Ribelle per incompetenza: Duran Duran, Planet Earth (1981)
Planet Earth è del 1981, ma il mio ricordo più vivido di una canzone dei Duran Duran risale al 1987. Io avevo cominciato da poco a strimpellare, con grande fatica, una vecchia chitarra di mio zio – aveva corde di metallo alte e affilate, e già arrivare in fondo al giro di do, per cantare Il cielo in una stanza o Sapore di sale, mi faceva sanguinare le dita. Per conto mio, interpretavo il sanguinamento come un ottimo segno: era una sorta di iniziazione, e doveva per forza preludere alla nascita dei famosi calli di cui lo zio ex chitarrista mi aveva parlato. Mi sembrava che una pratica magica come quella di far uscire suoni articolati da una scatola di legno comportasse per forza di cose un prezzo in termini di ferite. E anche se non riuscivo a immaginare come si potesse passare dal la minore al re minore in un tempo vicino allo zero, mi confortava la facilità dolorosa con cui tramutavo un do maggiore in la minore, semplicemente spostando l’anulare e tenendo ferme le altre dita.
Ma qui e ora, nel 1987, alla festa del mio liceo scientifico, non c’erano né dolore né sangue, anche se c’era parecchio sudore acido di adolescenti ammassati. Io guardavo questo gruppo che suonava Notorious dei Duran Duran (1986), e tutto quello che succedeva sul palco mi sembrava un miracolo luminoso. I suoni che uscivano dalla chitarra erano lisci, patinati, prodotti da corde di nylon morbide come fili di cotone perfettamente amplificati. Il cantante mi appariva come una replica liceale di Simon Le Bon – un ragazzone alto, bello e biondo di quarta o quinta. Il batterista e il bassista facevano muovere in avanti la canzone – la facevano saltellare, perché Notorious saltella più che correre. Il tastierista la adornava di suoni grassi e luccicanti come capelli scolpiti dal gel. Tutto questo avveniva senza sforzo apparente, e il risultato era esattamente quel che doveva essere – la canzone, cioè, era uguale in ogni dettaglio a quella che si sentiva su Videomusic.

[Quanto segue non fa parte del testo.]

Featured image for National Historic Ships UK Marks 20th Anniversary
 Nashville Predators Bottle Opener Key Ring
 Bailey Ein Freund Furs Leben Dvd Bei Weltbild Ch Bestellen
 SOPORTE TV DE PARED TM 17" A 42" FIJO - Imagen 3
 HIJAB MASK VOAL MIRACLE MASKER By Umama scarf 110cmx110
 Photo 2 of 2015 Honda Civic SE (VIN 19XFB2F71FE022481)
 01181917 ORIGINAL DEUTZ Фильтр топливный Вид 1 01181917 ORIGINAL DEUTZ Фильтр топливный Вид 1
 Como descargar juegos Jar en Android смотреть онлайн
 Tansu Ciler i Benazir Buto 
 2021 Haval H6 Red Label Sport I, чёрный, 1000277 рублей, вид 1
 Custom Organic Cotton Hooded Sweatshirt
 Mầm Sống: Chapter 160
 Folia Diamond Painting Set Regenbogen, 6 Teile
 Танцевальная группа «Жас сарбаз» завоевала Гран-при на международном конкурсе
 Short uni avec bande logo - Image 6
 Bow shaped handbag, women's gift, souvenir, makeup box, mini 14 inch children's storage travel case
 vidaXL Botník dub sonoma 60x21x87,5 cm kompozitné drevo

Io, per fortuna, ero ancora troppo piccolo per capire se c’erano delle cose che non funzionavano – o anche solo per pensare che se tutto funzionava, se la canzone era proprio uguale, voleva dire che il gruppo si stava producendo in un esercizio assolutamente inutile. Non ero snob, insomma, o il mio snobismo non si era ancora esteso alla musica e al suonare. Allo stesso tempo, non ero, non sono mai stato, lo spettatore perfetto. Anche nel 1987, quando la mia conoscenza della chitarra si fermava a quattro accordi di giro armonico con una pausa troppo lunga fra il la minore e il re minore, quel che volevo era essere sul palco al posto del cantante, al posto del chitarrista, al posto del gruppo. E non perché ci tenessi a farmi vedere – odio farmi vedere, il che rende demenziali le mie scelte di lavoro, secondo lavoro, terzo lavoro e hobby – ma perché volevo essere io a produrre quella meraviglia. Non essendo mai stato capace di costruire una radio o di tirare su una tenda, volevo saper scrivere un libro o suonare una canzone.
Ricordo che dopo il concerto si ballava, e che il mio amico Giovanni – che era grosso, imbarazzato dalla forma in cui si presentava al mondo, e non te lo immaginavi scatenato nella danza – buttava il corpo qua e là, estatico, inarrestabile, per seguire il ritmo di Chuck Berry e delle Bangles. Era una cosa bella da vedere, imprevedibile. Io provavo a imitarlo, ma anche se ero lì con lui, mi sentivo anche un po’ più in là, a bordo pista. Non mi bastava essere quello che si muove con la musica – volevo essere quello che fa muovere gli altri con la musica.
Dopo ci ho provato, ho messo su dei gruppi, e ci siamo sforzati di rifare le canzoni uguali a come le sentivamo su Videomusic. Ma non ci venivano mai proprio precise, per incompetenza e per pigrizia, e allora ho pensato, a un certo punto, che tanto valeva farle completamente diverse. E anche Planet Earth ho pensato che era meglio rallentarla, farla folk – perché non posso competere con Simon Le Bon sul suo terreno, e perché così si sente quanto sono tristi, sotto quella permanente di suoni e luci, le canzoni dei Duran Duran. E insomma, per concludere, io sono venuto fuori da un decennio in cui bisognava uniformarsi per essere bravi, belli e ammirati: e alla fine son venuto fuori originale, per quel poco che lo sono, non per il mio spirito indomabile, ma perché avrei voluto uniformarmi anch’io e non ero capace di farlo.